Biochem Biophys Res Commun. 2007 Jun 15;357(4):991-6. doi: 10.1016/j.bbrc.2007.04.034. Epub 2007 Apr 17.
We have examined the expression profile of selected non-coding RNAs (ncRNAs) in 11 human tissues. Among 5489 full-length cDNA clones annotated as non-protein-coding transcripts in the H-Invitational database, we chose 150 clones for further analysis based on their gene structure and EST information. Expression profiling using quantitative RT-PCR and Northern blot hybridization revealed that the majority of the selected ncRNAs exhibited tissue specificity: 67% are predominantly expressed in a restricted subset of tissues. The absolute quantification of representative ncRNAs revealed that the majority of ncRNAs are expressed as low abundance transcripts. A comparative genomic analysis revealed that only 27% of the selected ncRNAs have mouse counterparts. Since the expression patterns of the human ncRNAs having no mouse counterparts remain to be similar to those of the mouse ncRNAs, the expression patterns of the selected ncRNAs may be conserved between human and mouse.

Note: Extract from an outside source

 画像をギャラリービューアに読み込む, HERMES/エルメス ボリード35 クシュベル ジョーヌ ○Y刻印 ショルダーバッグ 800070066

我们检测了11种人体组织中选定的非编码RNA(ncRNA)的表达谱。在H-Invitational数据库中注释为非蛋白质编码转录本的5489个全长cDNA克隆中,我们根据其基因结构和EST信息选择了150个克隆进行进一步分析。使用定量RT-PCR和Northern印迹杂交进行的表达谱分析表明,大多数选定的ncRNA表现出组织特异性:67%主要在有限的组织亚组中表达。代表性ncRNA的绝对定量显示,大多数ncRNA以低丰度转录本形式表达。比较基因组分析表明,选定的ncRNA中只有27%有小鼠对应物。由于没有小鼠对应物的人类ncRNA的表达模式仍与小鼠ncRNA的表达模式相似,因此选定的ncRNA的表达模式可能在人和小鼠之间保守。